Depuis quelques années, particulièrement depuis 2005 lorsqu’une tempête fit chuter un élément du clocher qui perça la toiture de la nef, l’état de l’église s’est fortement détérioré. Au point qu’aujourd’hui la mairie envisage sérieusement de raser l’édifice. Le scénario est hélas connu et menace de se multiplier dans les années à venir [1].

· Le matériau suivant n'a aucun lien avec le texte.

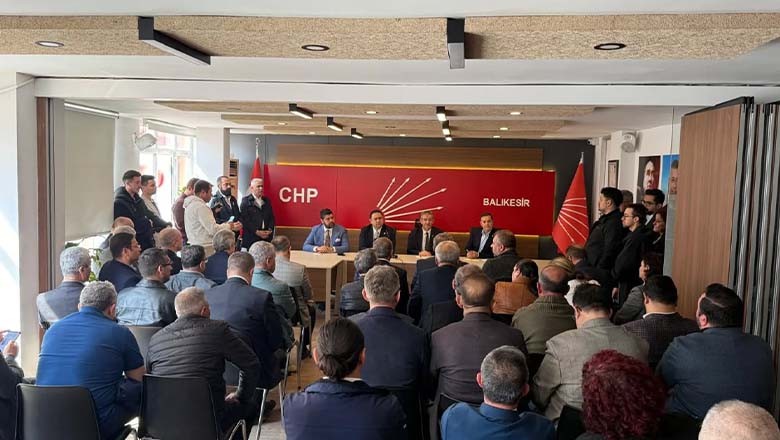 CHP İl Başkanlığı'ndan Ön Seçim Değerlendirme Toplantısı CHP İl Başkanlığı'ndan Ön Seçim Değerlendirme Toplantısı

Nous avons été reçu par Jean-Marc Dumoulin, architecte de la ville, et par Jean-Marie Hémerlé, adjoint au maire chargé de l’urbanisme. Bien que la décision de détruire ou non l’édifice ne doive théoriquement être prise qu’en juin, il est évident à les entendre que leur opinion est faite. Leurs arguments sont au nombre de deux, toujours les mêmes dès qu’il s’agit de détruire un bâtiment :

 le coût de la restauration : dans un reportage de France 3 datant du 19 mars (à voir ici), l’adjoint au maire affirme que « pour [la] sauvegarder, non pas pour la rouvrir à une activité quelconque, au bas mot c’est 10 millions d’euros », chiffre qu’il nous a lui-même donné en prétendant qu’il s’agit d’une estimation basse. Le maire a répété ce chiffre dans une réunion d’information pour les habitants [2]. On imagine l’effet que cela peut avoir sur ses administrés.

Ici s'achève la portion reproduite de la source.